Questions and discussions about relationships: girlfriends, boyfriends, lovers, partners, friends, family or other intimate relationships in your lives.
Eyeyey
newbie
Posts: 2
Joined: Thu Mar 03, 2022 8:38 am
Age: 18
Pronouns: They
Location: Earth

best friend relationship

Unread post by Eyeyey »

I really like my bestie and I love her as a family but sometimes, I really don't like her way of chatting, yes, we use emojis to express what we're feeling and avoid misunderstanding, it works most of the time but when I get confused, like, I know I've got average emotional intelligence and think I may be overthinking it but when she uses this particular emoji in a particular situation and sentence or even by just plainly seeing it without explenation in complete abruptness, it irks me, like, it got this you're 'illiterate' comment and I absolutely don't like it

Anddd even if I know every ins and outs of my messed up thoughts, I feel fed up of her chats and my personality, this has happened countless times and I just try my best, with my utmost self-control while relying to my short term memory to keep it in me and not lash out that can probably poof away our friendship because I know how much of an unreasonable guy I am once passed the line.

But, all those will just be in a short time, it doesn't last long because once I meet her I know it'll be great no matter how troublesome and how much I disagree with some of her decisions.

So I wanna ask what to do with myself, I think this is my problem and so I want to like, know what kind of mentality I should have when facing the concerns I have written above.

Thank you! I get emotional and real cold like moody asf so I want to take precautions, or rather, I just want all of it out of my system, still want to know y'all advice tho!
Sam W
previous staff/volunteer
Posts: 10320
Joined: Mon Jul 28, 2014 9:06 am
Age: 33
Awesomeness Quotient: I raise carnivorous plants
Primary language: english
Pronouns: she/her
Sexual identity: queer
Location: Coast

Re: best friend relationship

Unread post by Sam W »

Hi Eyeyey,

Let's start with the emoji issue, since it has a pretty straightforward way of addressing it. What if you asked your friend to a follow-up question when she uses an emoji you're not sure of the context of? After all, it's pretty common to ask someone to clarify if you're in a conversation with them and not sure what they mean.

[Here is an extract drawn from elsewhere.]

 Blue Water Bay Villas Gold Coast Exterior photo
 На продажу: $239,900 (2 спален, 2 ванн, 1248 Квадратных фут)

When you say you're fed up with your chats with her and your personality, are you just referring to the issue with the emojis? Or are there other things going on that are leading to you feeling that way?
And you to whom adversity has dealt the final blow/with smiling bastards lying to you everywhere you go/turn to and put out all your strength of arm and heart and brain/and like the Mary Ellen Carter rise again.